Armed Forces News

Service members who live in substandard privatized housing will see improvements, the civilian and military leaders of the four armed services told a panel of lawmakers.

“The Navy and Marine Corps are comprehensively reviewing the business systems, reporting mechanism and oversight procedures governing the way housing maintenance issues re reported, remediated and verified in private housing,” Navy Secretary Richard V. Spencer told the Senate Armed Services Committee during a March 9 hearing.

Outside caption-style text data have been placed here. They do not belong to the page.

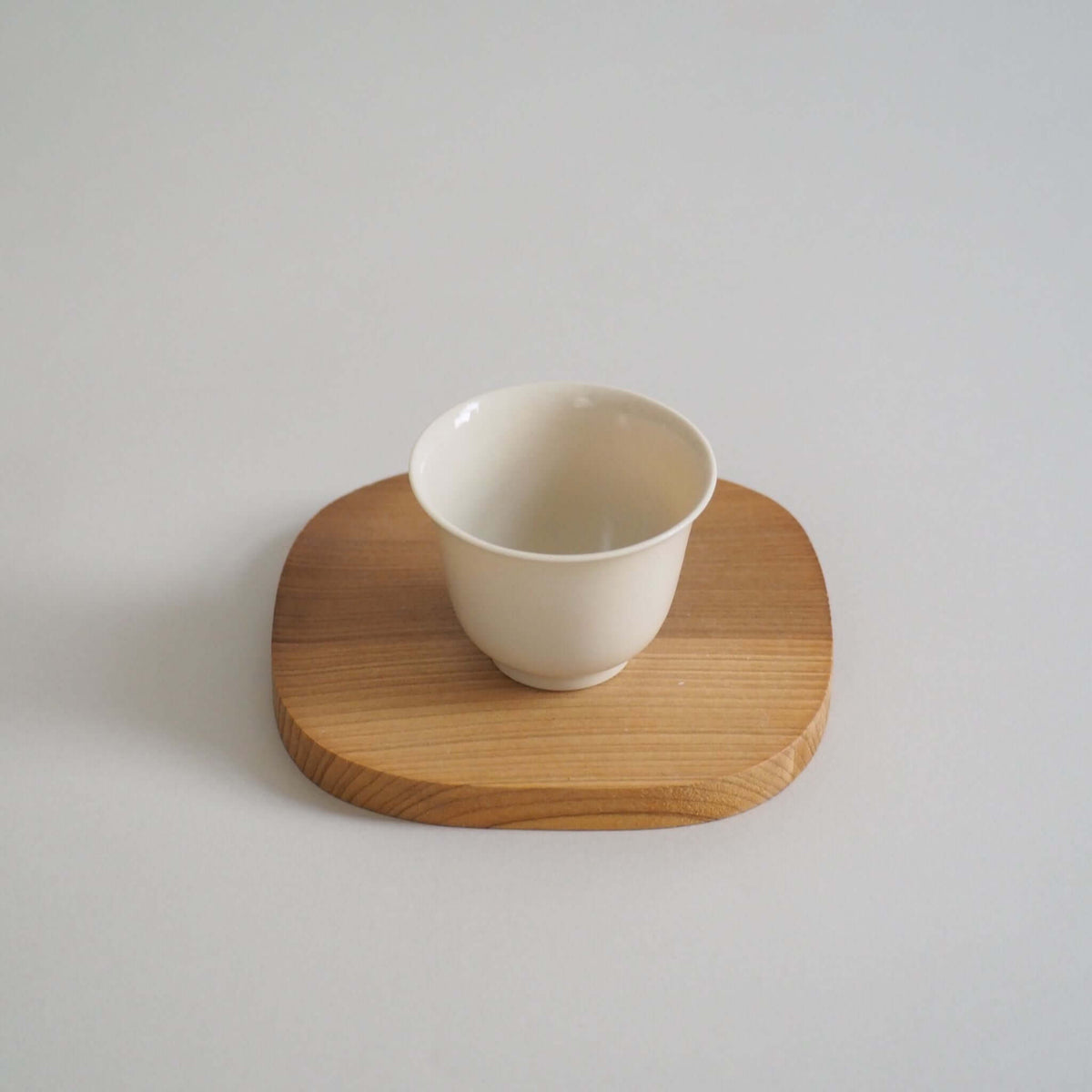 京都柴田窯の中国茶・台湾茶向け白磁茶杯の斜め上からの画像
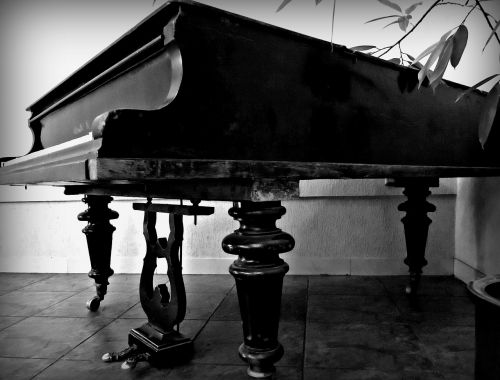 old grand piano music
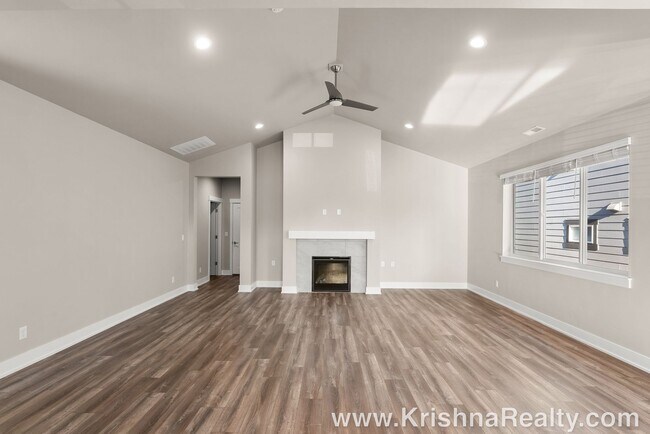 Building Photo - *Newer  Single Level 3BD*, 2BA* Single Fam...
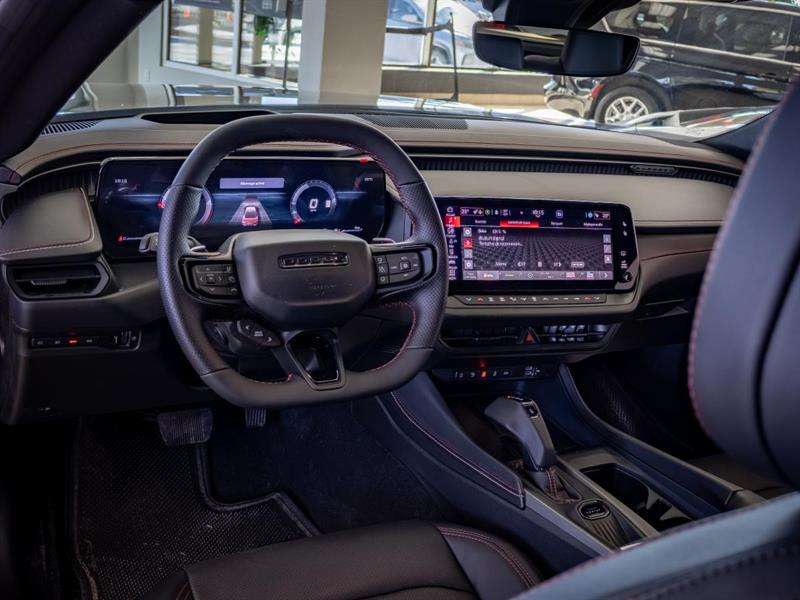 dodge Charger 2026 - 10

Army Secretary Mark Esper told the panel that while the introduction to privatized housing was a success when it was introduced in 1998, an insufficient oversight process led to the system’s deterioration. The service is meeting with the companies that manage subsidized housing, relieving residents of certain monthly financial obligations, and addressing oversight shortfalls, Esper told the panel. Army Times reported that Esper told the panel the service no longer will require residents to pay monthly utilities.

Outgoing Air Force Secretary Heather Wilson cited reviews conducted by wing commanders and service leadership, which showed that there is “an inability to do adequate quality assurance on maintenance crews.” She also said that housing management offices are too small and lack authority, and airmen do not understand their rights and responsibilities. Additionally, owner incentive fees are not having the desired qualitative results, and poor construction has contributed to “persistent mold issues.”

The secretaries were accompanied at the hearing by the respective service chiefs: Chief of Naval Operations Adm. John M. Richardson, Marine Corps Commandant Gen. Robert B. Neller, Air Force Chief of Staff Gen. David Goldfein, and Army Chief of Staff Gen. Mark A. Milley.